Many of us chose where and when to pitch in based on what needed to get done and what skillets were available. I assisted with numerous concepting phases through execution, delivering moodboards, animated GIFs, Snapchat filters, and something I love dearly but rarely have the opportunity to play with… signage. Now, teams of the past couple years hadn’t puled any punches and have produced an amazing variety of both hanging signs and posters employing spray paint, dimensional paper folding, and even 3D glasses—so doing something new was going to involve some of us getting uncomfortable. Hard materials. Layers. Destruction as part of the process.
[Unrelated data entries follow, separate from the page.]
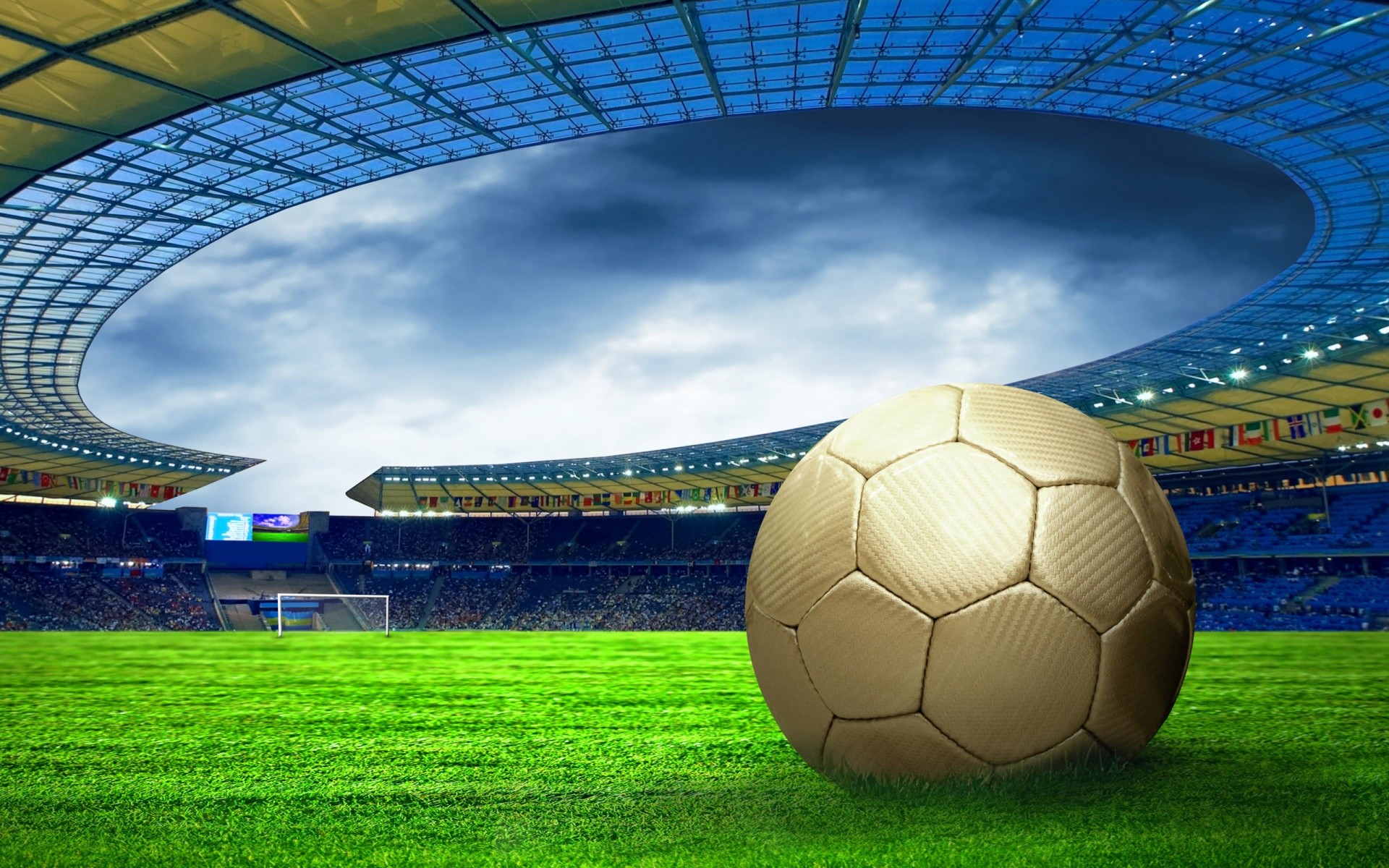 1920x1200 Soccer ball on the field wallpapers and stock photos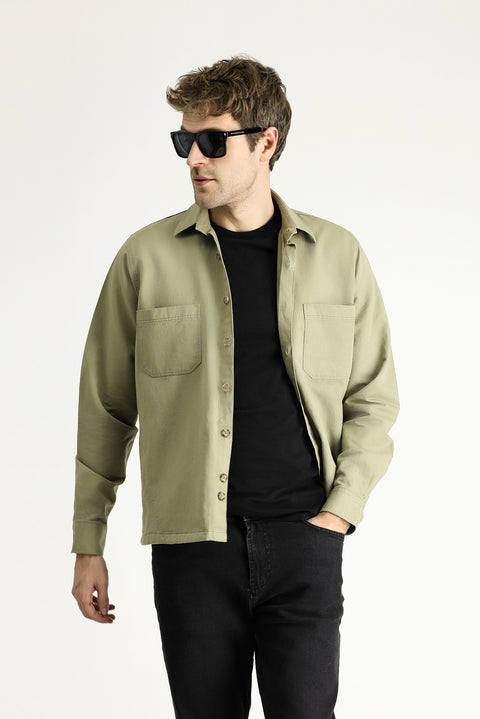 Light Khaki Long Sleeve Oversize Linen Blend Shacket Shirt / Jacket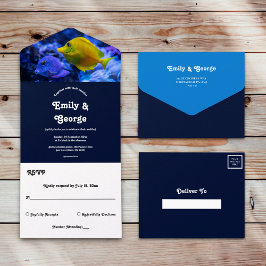 Hochzeit von Seefischen unter blauem Wasser All In One Einladung
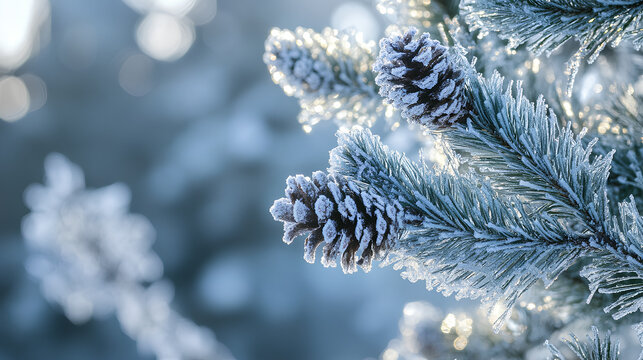 Beauty of Icy Crystals, Resilience, and Winter Harmony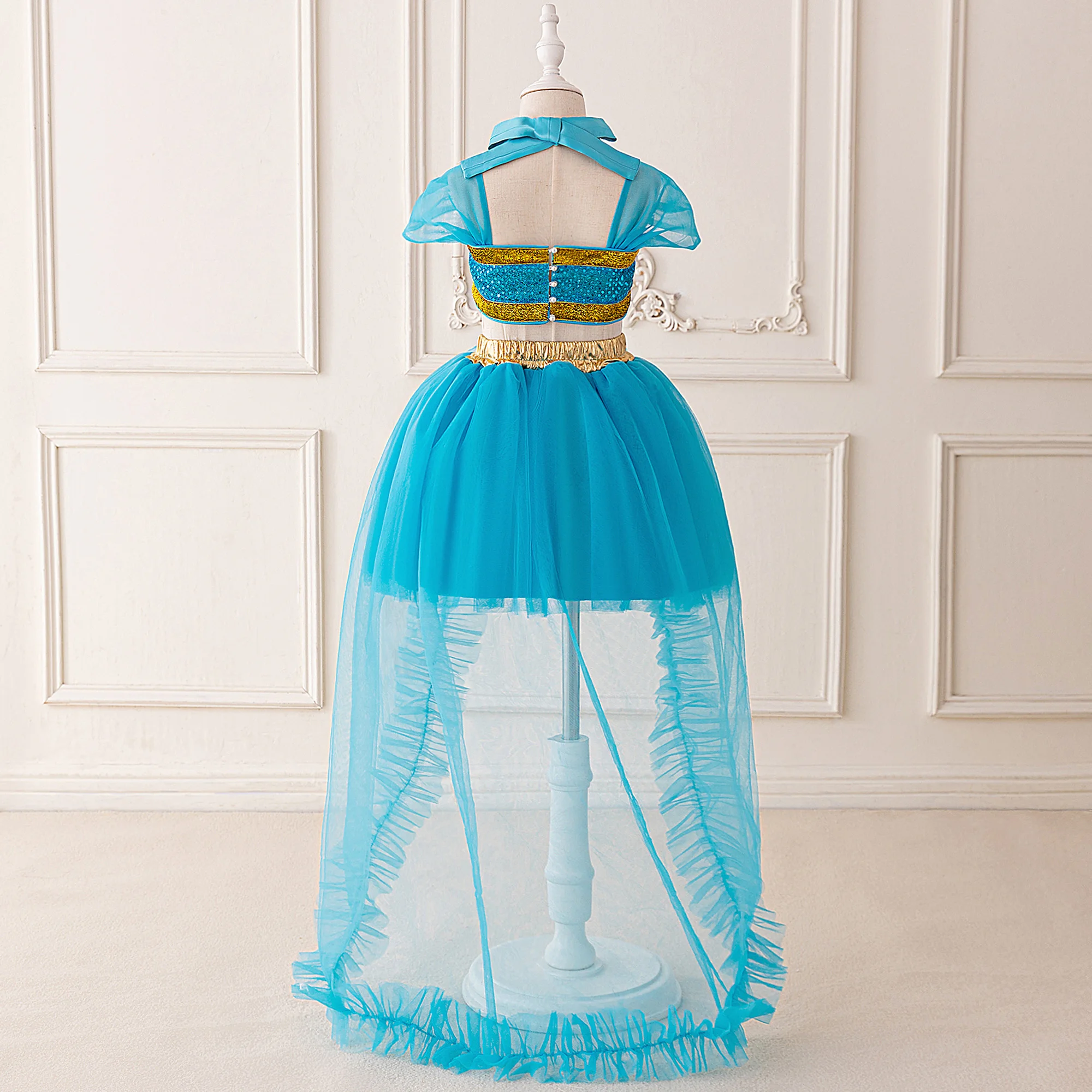 Jasmine Princess Party Girls Dress 2pcs Long Tailed Tulle Birthday Wedding Prom Dresses Kids Graduation Christmad Halloween Gown
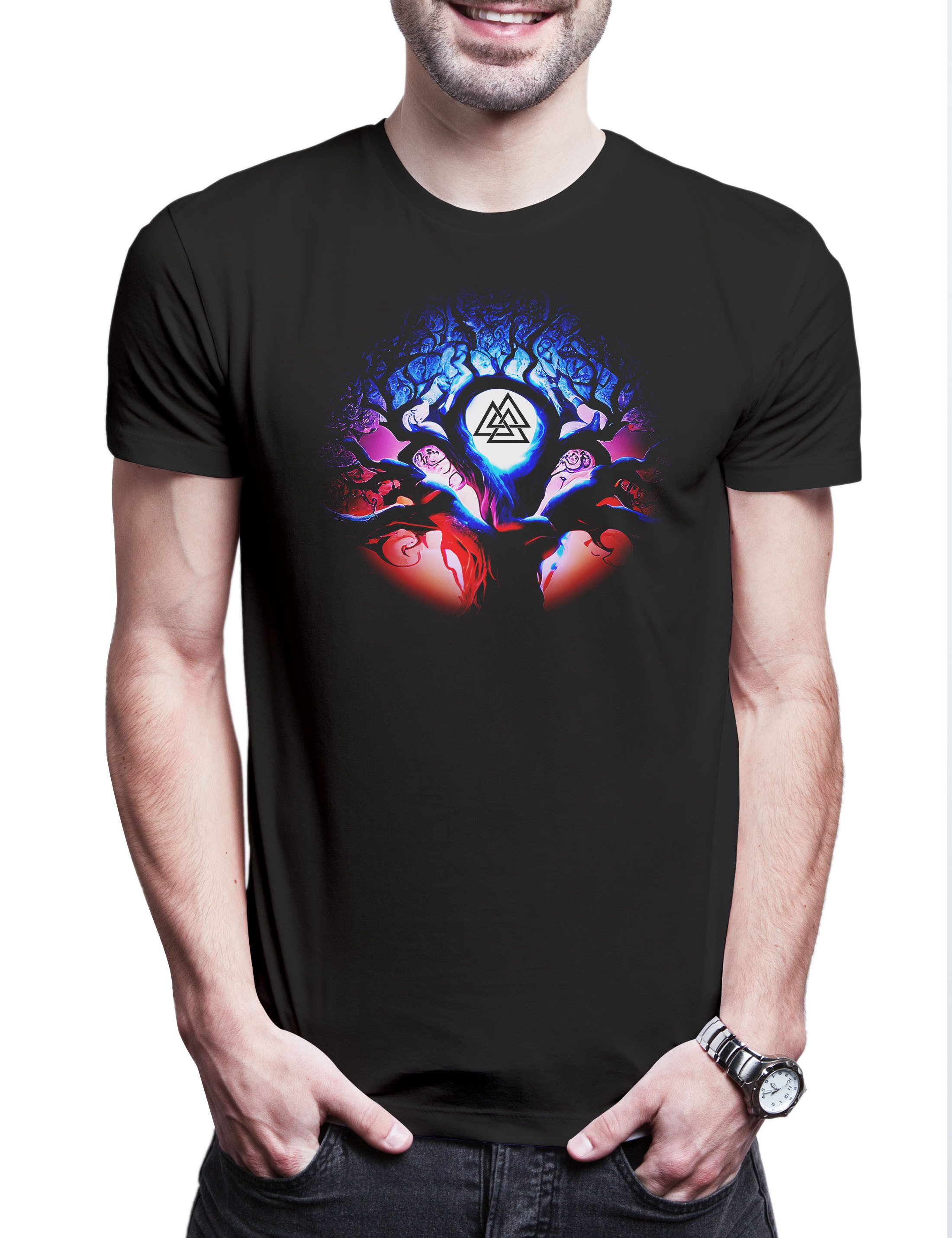 Print-Shirt Yggdrasil Moon Walknut Herren T-Shirt Thor Tree Of Life Tyr Walhalla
Active lighting.
It might not outwardly seem so based on the rest of this portfolio, but I vastly prefer getting my hands dirty in my free time over just about anything else. For the larger plywood/drywall corner installation, I combined my love of type and neon with the words “destroy” and “create” with sound-reactive signs made of electroluminescent wire over a metal framework. Additional Revvies lightning bolts were created in this manner for the smaller, freestanding signs.
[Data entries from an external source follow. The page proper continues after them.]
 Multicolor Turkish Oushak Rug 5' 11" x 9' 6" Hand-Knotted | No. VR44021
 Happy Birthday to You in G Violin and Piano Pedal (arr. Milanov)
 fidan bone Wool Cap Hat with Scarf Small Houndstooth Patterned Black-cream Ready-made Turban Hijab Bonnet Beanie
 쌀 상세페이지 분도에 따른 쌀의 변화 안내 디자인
The most time and skill intensive piece was the giant 3D Revvies “R” sign. Embodying the Create/Destroy theme, the nearly 4-foot by 6-inch deep logo hovers above a backing board divided diagonally between a space of pristine white melamine and torn fragments of misprinted or duplicate event posters. Edge-backlit by two different colors of flexible LEDs, the clean, chrome R seems to have been exposed by peeling away layers of welded scrap metal.
At least that’s what I was going for, I have no idea what I’m doing.
On the plus side, people liked it enough that it’s been semi-permanently affixed to one of the walls in the newly-renovated 9th floor space. It has yet to disintegrate or maim anyone.